Berdasarkan data Badan Pusat Statistik (BPS), nilai ekspor batubara Indonesia pada Juni 2022 sebesar 4,5 miliar dollar AS. Jumlah tersebut meningkat 3,3 persen secara bulanan dan 136,6 persen secara tahunan. Khusus ke Uni Eropa, nilai ekspor batubara pada triwulan II-2022 mencapai 191,2 juta dollar AS atau meningkat 143,7 persen dibandingkan dengan triwulan sebelumnya.
Nilai ekspor batubara sebesar saat ini, yang bertahan dengan relatif lama, belum pernah terjadi sebelumnya. Di tengah melambungnya harga batubara, perlu dicermati, hingga kapan situasi yang menguntungkan tersebut bakal berlangsung. Jangan sampai, target NZE (emisi nol bersih pada 2060) terpengaruh melambungnya harga batubara saat ini. Justru windfall ini harus dimanfaatkan untuk pengembangan ke arah energi terbarukan.

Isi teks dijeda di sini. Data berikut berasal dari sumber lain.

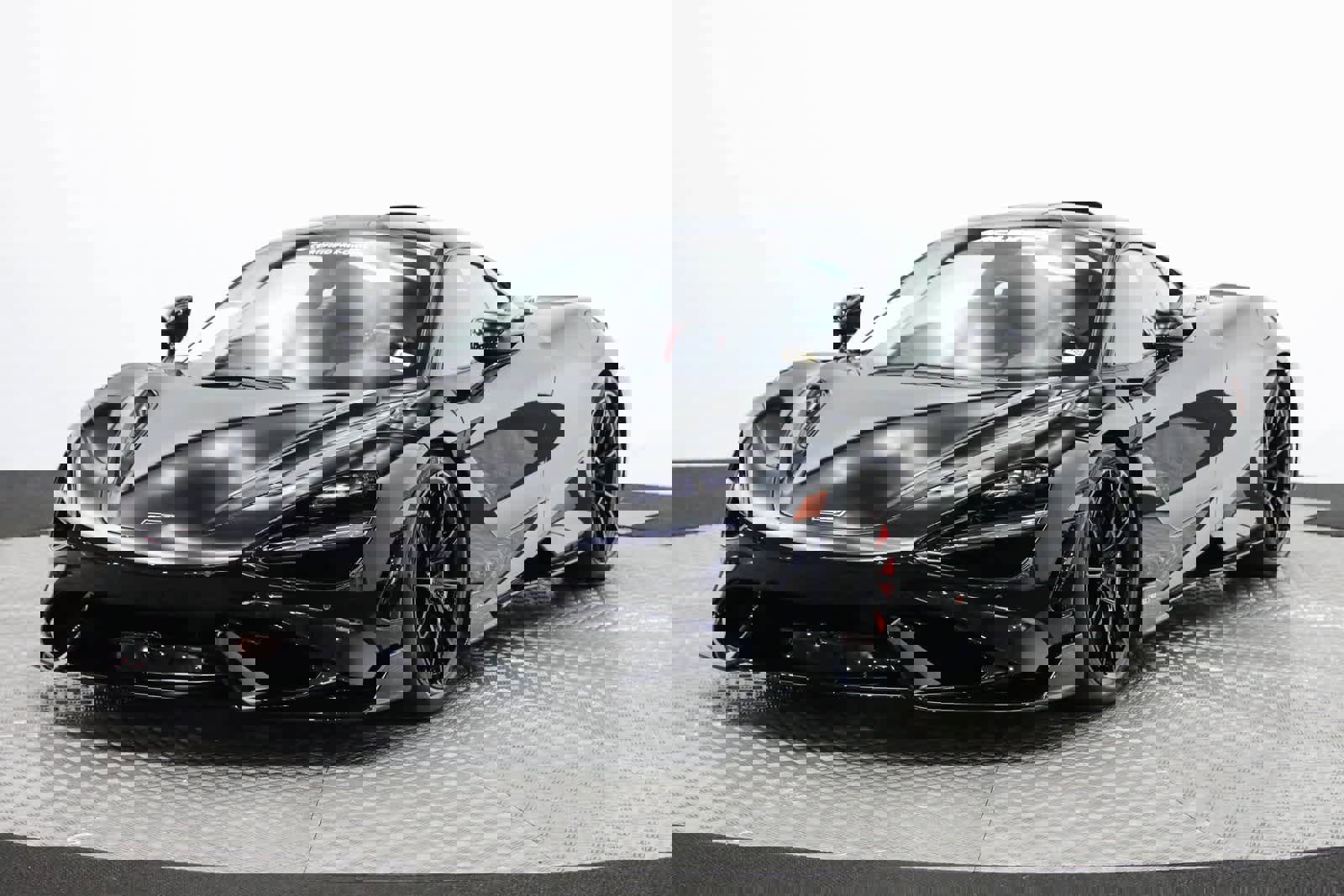 Used 2021 McLaren 765LT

Sejumlah pengembangan peralihan ke arah energi yang lebih bersih memang sudah dilakukan, seperti co-firing atau pembakaran biomassa di pembangkit listrik tenaga uap (PLTU). Sudah dikembangkan pula proyek gasifikasi batubara guna menghasilkan dimetil eter sebagai pengganti elpiji.
KOMPAS/STEFANUS ATO
Kapal tongkang terisi penuh batubara melintasi di Sungai Mahakam, wilayah Kelurahan Muara Kembang, Kecamatan Muara Jawa, Kutai Kartanegara, Kalimantan Timur, pada Senin (4/7/2022) sore.
Saat harga batubara bertahan tinggi seperti saat ini, disparitas dengan patokan harga DMO sebesar 70 dollar AS per ton amatlah lebar. Kondisi ini bisa kembali mengancam pasokan di dalam negeri, seperti yang terjadi pada awal tahun.
Gejala pun sudah muncul. Adanya disparitas harga membuat sejumlah perusahaan pemasok batubara enggan berkontrak dengan PLN. Perusahaan pemasok masih menunggu terbentuknya badan layanan umum (BLU) yang akan mengelola dana berbagai pungutan terkait batubara, yang kemudian akan dipakai salah satunya untuk subsidi batubara di dalam negeri. Untuk mengatasi persoalan ini, pembentukan BLU sebaiknya disegerakan.
Tingginya harga batubara memang membawa keuntungan besar bagi Indonesia sebagai salah satu negara pemasok utama kebutuhan batubara dunia. Namun, pengalaman krisis energi pada awal 2022, yang bakal menyangkut hajat hidup banyak orang, jangan sampai terulang.